◆ **Task details**
Using the listing below, copy exactly each line from the one that has "Batman se enfrenta" through the one that has "Osłona mocowania zamka dolnego"; omit the pictures.
=== Input data ===
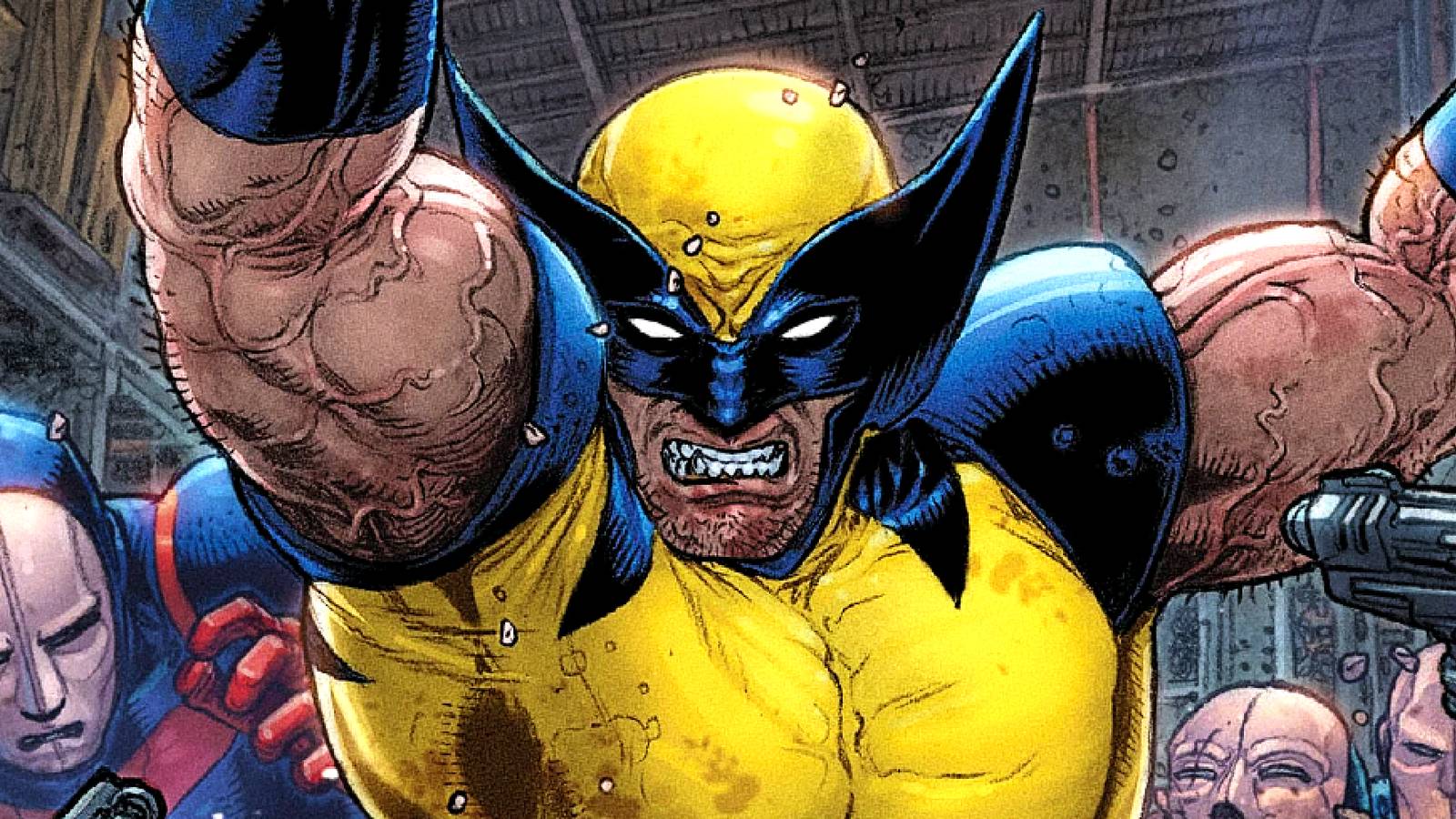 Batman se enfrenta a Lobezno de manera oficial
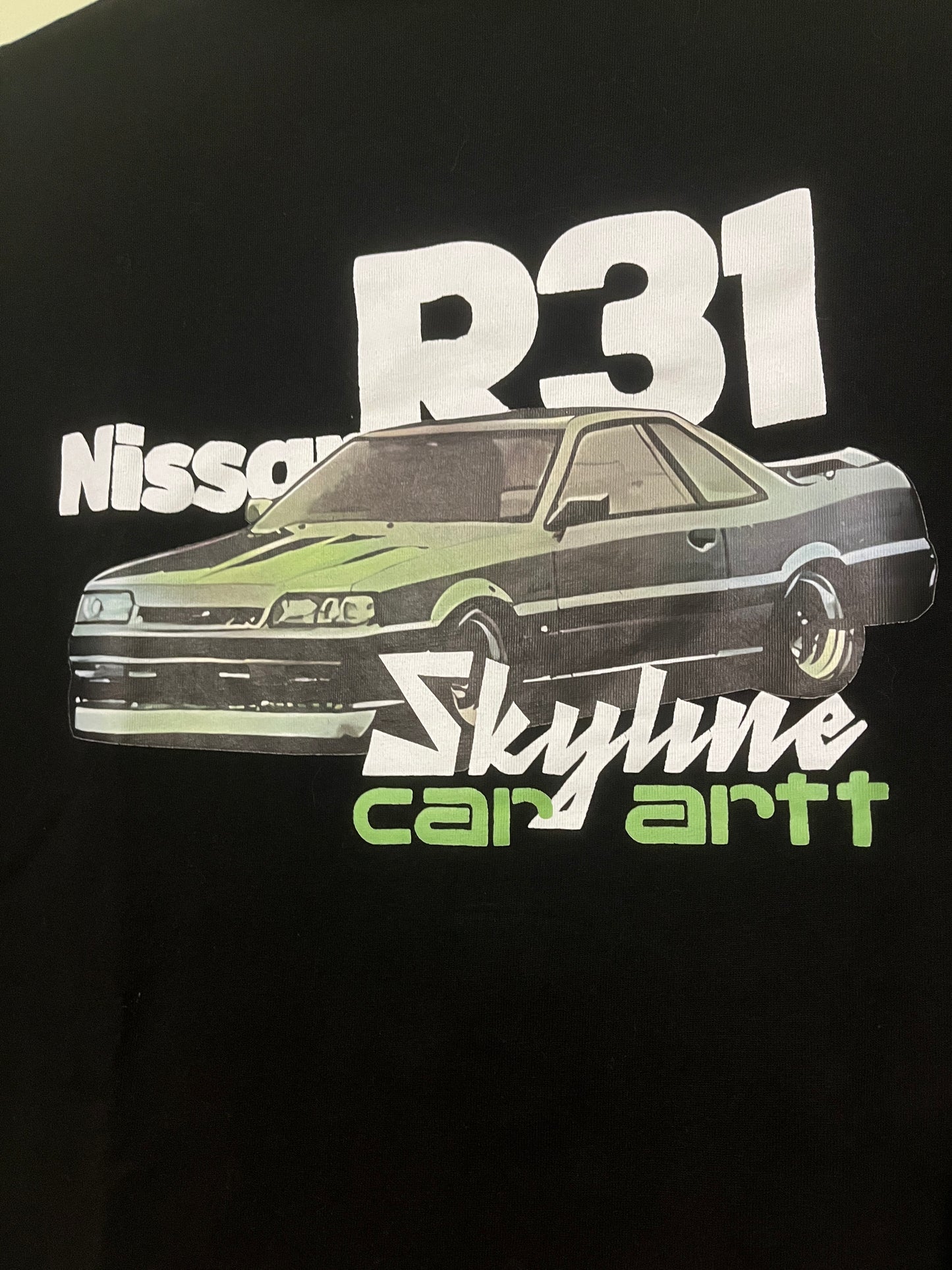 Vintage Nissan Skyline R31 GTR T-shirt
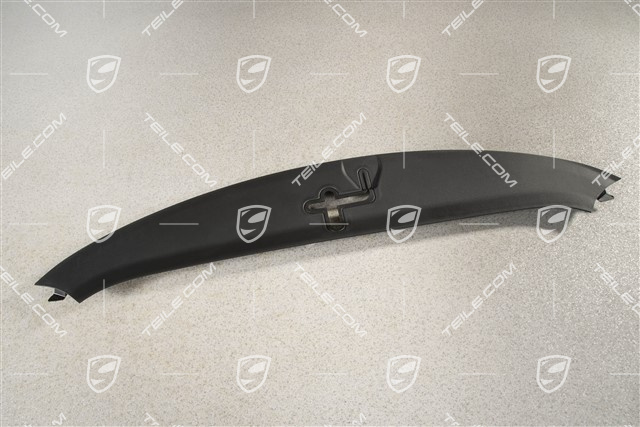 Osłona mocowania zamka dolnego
===
=== Input data ===
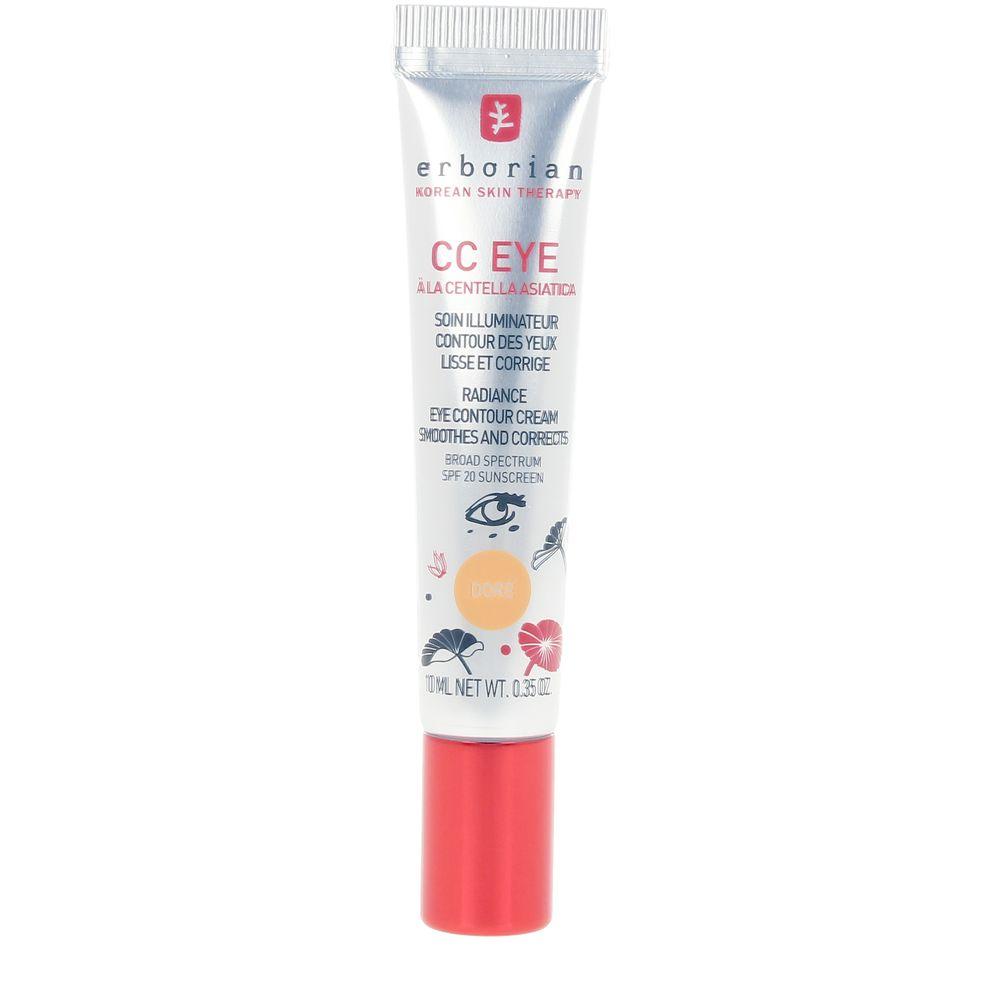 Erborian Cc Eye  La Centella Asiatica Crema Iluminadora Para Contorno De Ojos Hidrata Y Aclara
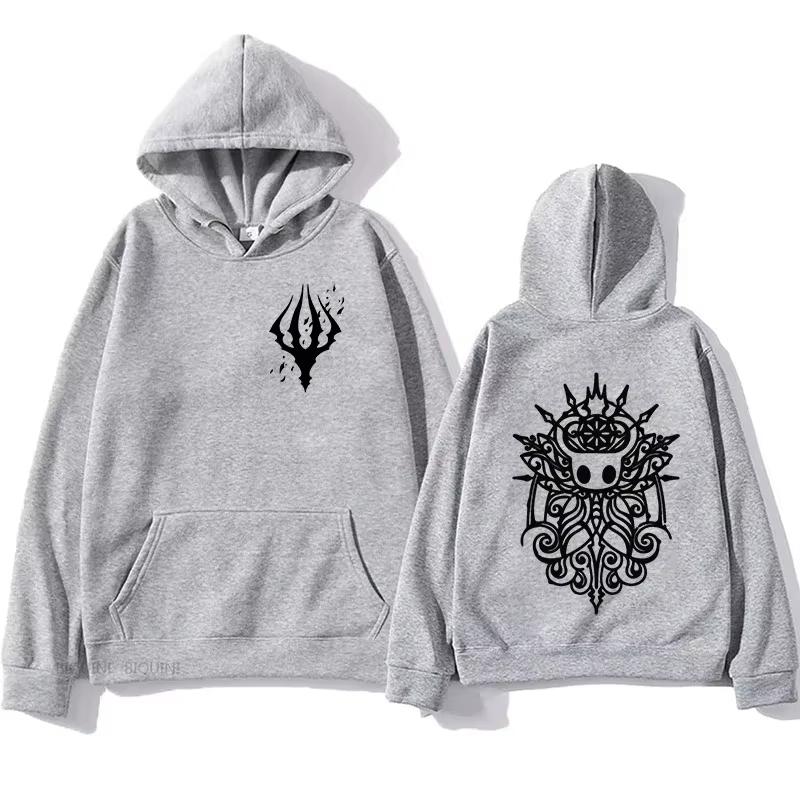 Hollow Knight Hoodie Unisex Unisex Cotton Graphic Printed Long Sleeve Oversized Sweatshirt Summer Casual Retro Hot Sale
===
=== Input data ===
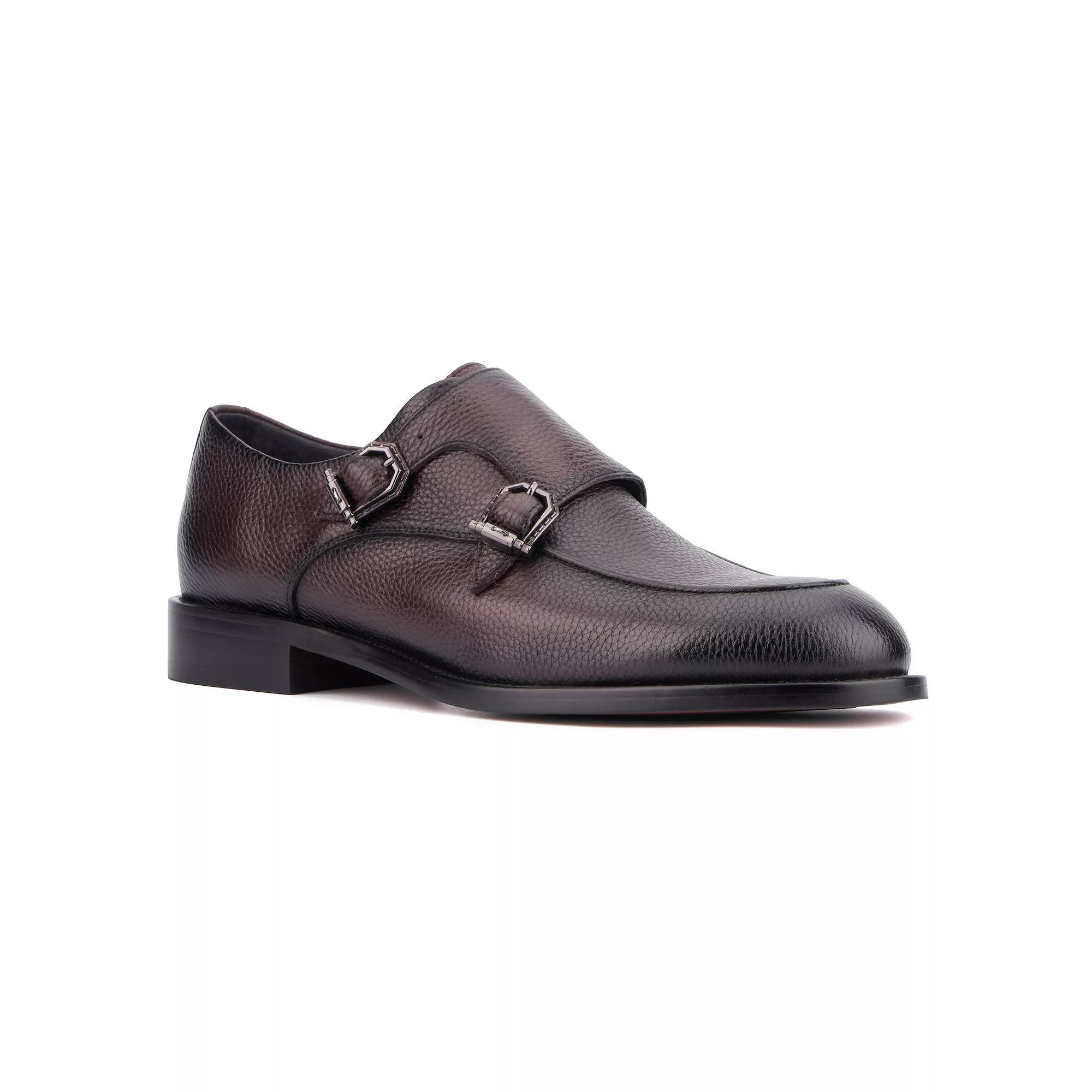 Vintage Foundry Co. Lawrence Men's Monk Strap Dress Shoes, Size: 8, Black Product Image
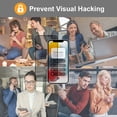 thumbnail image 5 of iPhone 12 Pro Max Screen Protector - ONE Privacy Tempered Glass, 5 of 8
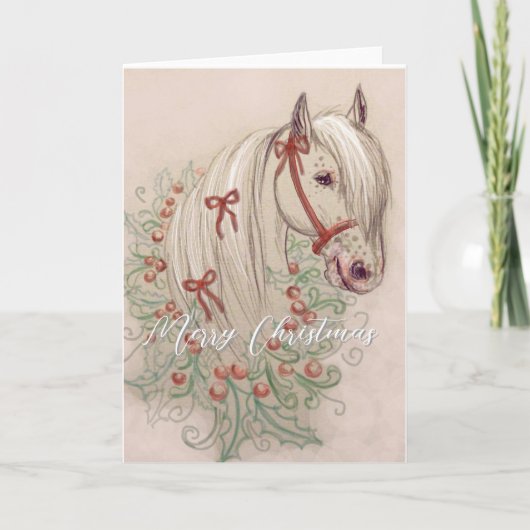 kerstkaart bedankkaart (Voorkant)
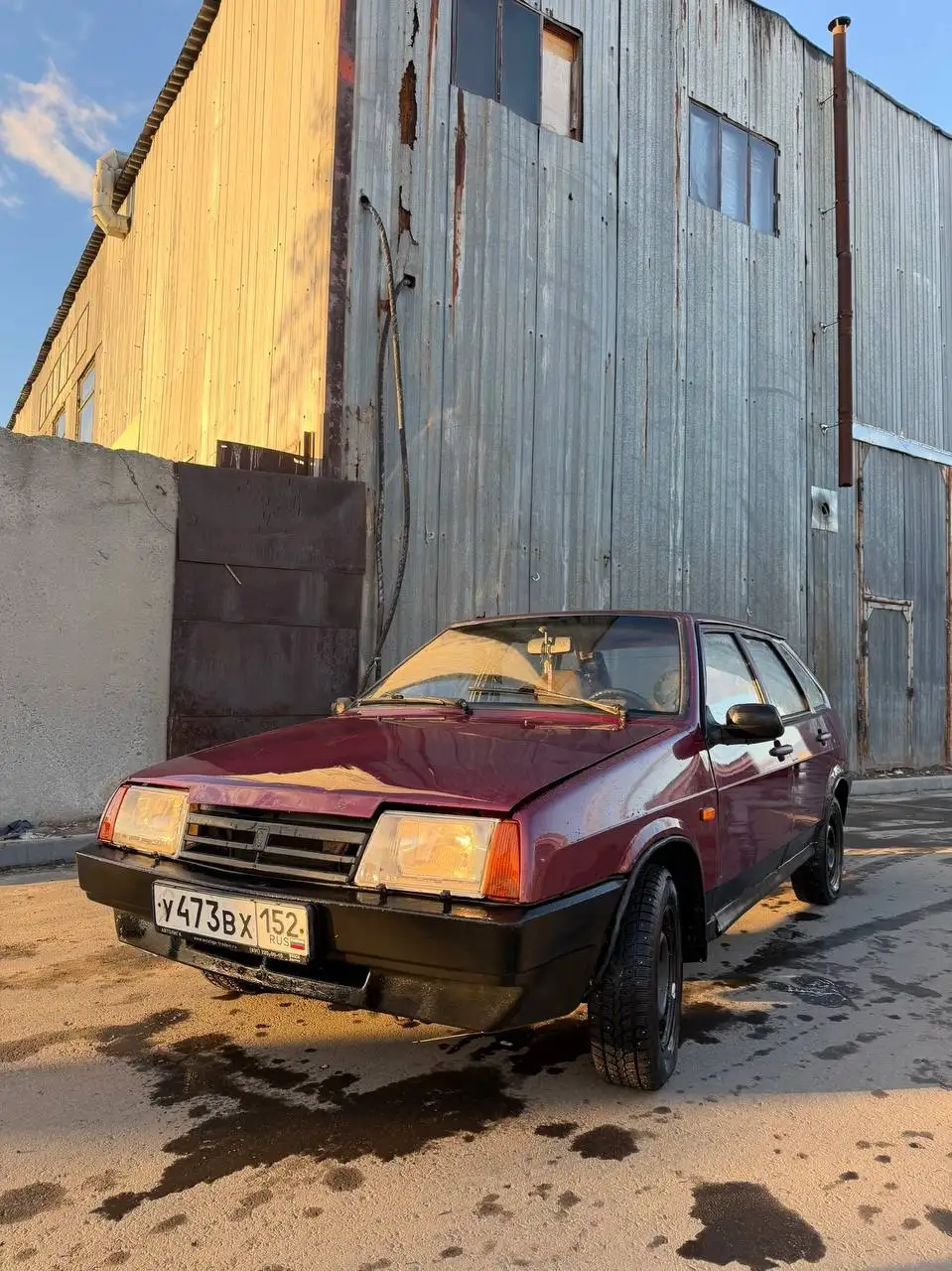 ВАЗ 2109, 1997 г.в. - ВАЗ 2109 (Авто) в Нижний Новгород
===
◆ **Response box**
 Batman se enfrenta a Lobezno de manera oficial
 Vintage Nissan Skyline R31 GTR T-shirt
 Osłona mocowania zamka dolnego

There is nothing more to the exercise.